Comme si j'avais besoin d'être protégée. Je lui adressai un regard massacrant à sa dernière remarque, regard qu'il releva et auquel il répondit par un regard tout aussi meurtrier.
«
Un problème ? »
«
Aucun, Monsieur. »
«
Bien. Vous et O'Brien pouvez disposer. »
Quittant le bureau de Richards, j'adressai un léger sourire à l'agent O'Brien.
«
Si vous voulez bien me suivre- », commençai-je, tandis qu'il levait déjà les mains pour m'arrêter.
«
Pas de 'vous' entre nous. Nous sommes collègues, nous allons passer les prochains jours ensemble, on peut peut-être s'éviter le vouvoiement et les noms de famille, non ? Moi c'est Danny. », se présenta-t-il, en me tendant la main.
«
Maxim », rétorquai-je, en saisissant sa main pour la serrer. Un petit sourire se dessina sur ses lèvres.
«
Maxim ? C'est peu commun pour une fille. »
«
Je suis une fille peu commune », rétorquai-je, tandis que je lui indiquais la direction de mon bureau. Sans le savoir, je venais tout juste de mettre les pieds dans la plus grosse affaire de ma vie. L'affaire Forsythe. Une affaire loin d'être aussi simple que les autres...
__________
NOVEMBRE 2011,
Seattle, Lorel's barLa nouvelle venait de tomber : l'agent O'Brien était décédé, la veille. Une nouvelle qui avait bouleversé tout le bureau, et qui m'avait bouleversée plus que les autres. Au cours de sa visite, le mois dernier, Danny et moi avions eu l'occasion de sympathiser. Plus qu'un simple agent, il avait été celui qui m'avait considérée autrement que comme une bleue. De tous les agents, il avait été le premier à me donner ma chance, le premier à me pousser à participer activement à l'enquête, sur le terrain. Sans lui, nous n'aurions jamais pu appréhender Sanchez. Et sans lui, je n'aurais jamais pu faire mes preuves. Bien que je ne le connaissais que très peu, j'avais ce sentiment de vide, depuis l'annonce de sa mort. Un vide que je tentais de combler avec l'alcool, en vain.
«
Boire ne le fera pas revenir » Cette voix m'était familière. Tournant la tête, j'aperçus mon patron, à quelques mètres à côté de moi.
«
Vous me faites la morale ? »
Il eut un léger sourire, avant de secouer la tête.
«
J'ai que ça à faire que de couver mes agents, selon vous ? »
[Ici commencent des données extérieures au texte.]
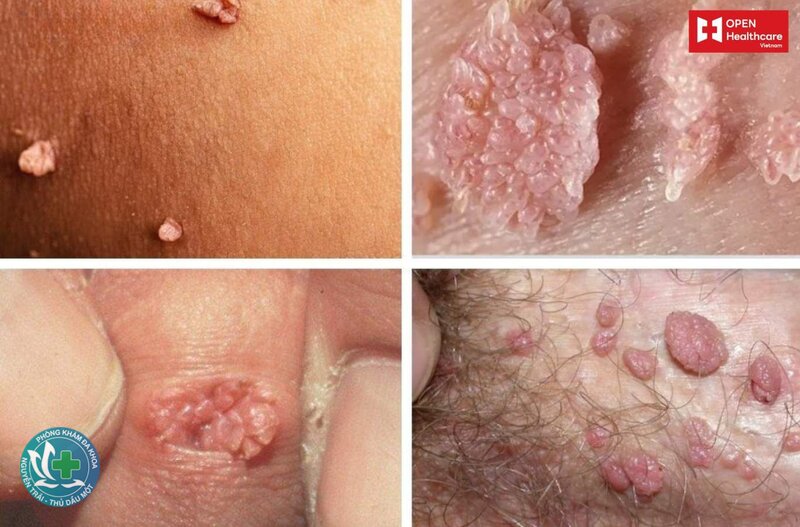 sùi mào gà lây qua đường nào - Tác nhân gây bệnh: virus HPV tuýp nguy cơ thấp sùi mào gà lây qua đường nào - Tác nhân gây bệnh: virus HPV tuýp nguy cơ thấp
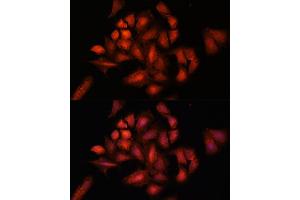 Immunofluorescence analysis of U-2 OS cells using ST antibody (ABIN6129464, ABIN6148550, ABIN6148551 and ABIN6222848) at dilution of 1:100. (STAM2 antibody  (AA 376-525))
Je baissais la tête, avant de la secouer en guise de réponse. J'étais ridicule. Pire qu'une enfant en pleine rébellion avec son père, j'imaginais que Richards était là pour me faire la morale. Il avait certainement mieux à faire : comme arrêter les criminels, et cet enfoiré de Forsythe.
«
Forsythe n'a pas tué O'Brien », souffla-t-il, comme s'il lisait dans mes pensées.
«
Qu'est-ce que vous en savez ? Vous l'avez dit vous-même : les circonstances de sa mort sont floues. Forsythe est peut-être bien derrière tout ça. »
«
Quand bien même, vous n'auriez rien pu faire pour O'Brien. »
«
Il aurait suffit d'une semaine. Si on avait arrêté Sanchez une semaine plus tard, O'Brien ne serait pas rentré si tôt en Californie et il serait peut-être encore en vie. »
«
Vous n'en savez rien. »
«
Non, vous, vous n'en savez rien. », répliquai-je, agacée à l'idée d'être contredite. Je fis signe au barman de me servir un autre verre, qu'il me servit sans plus attendre, mais je n'en vis pas la couleur.
«
Vous avez assez bu pour ce soir », souffla Richards, en s'emparant de mon verre qu'il avala d'une traite.
«
Vous comptez m'empêcher de boire ? »
«
Je compte vous épargner une bonne gueule de bois. Vous devriez m'en être reconnaissante. Allez, donnez moi vos clés, je vous raccompagne. », lança-t-il, en s'emparant du trousseau que je tenais dans les mains et en m'aidant à me relever pour me diriger vers la sortie.
«
Vous ne savez même pas où j'habite. » lançai-je en pensant l'avoir coincé.
«
Vous oubliez une chose : J'ai accès à votre dossier. », rétorqua-t-il en me faisant grimper dans ma voiture avant de prendre le volant.
__________
LE LENDEMAIN,
Appartement de MaxJe me réveillai avec un mal de crâne atroce. Gardant les yeux fermés comme pour faire passer ce dernier, un bruit dans ma chambre m'obligea à ouvrir un œil... pour apercevoir mon patron dans la pièce.
«
Qu'est-ce que vous faites ici ? », m'écriai-je, en me redressant immédiatement. Malheureusement pour moi, mes gestes étant trop brusques, je me retrouvai bien rapidement assise sur mon lit, le mal de tête reprenant vite le dessus.
«
Doucement », souffla-t-il, en s'approchant. «
Tenez, buvez ça. » je m'emparai du verre qu'il me tendait, et je le portai sans plus attendre à mes lèvres. «
J'ai passé la nuit sur votre canapé. Je me suis dit qu'un petit remontant vous aiderait à affronter la dure journée qui nous attend. »
«
Quelle heure est-il ? »
«
Six heures. Ca vous laisse largement le temps de vous préparer avant d'aller au bureau. »
«
Je ne me sens pas en état d'aller travailler. »
«
Manque de chance, c'est moi qui décide. Et je dis que vous serez parfaitement en état – buvez tout. »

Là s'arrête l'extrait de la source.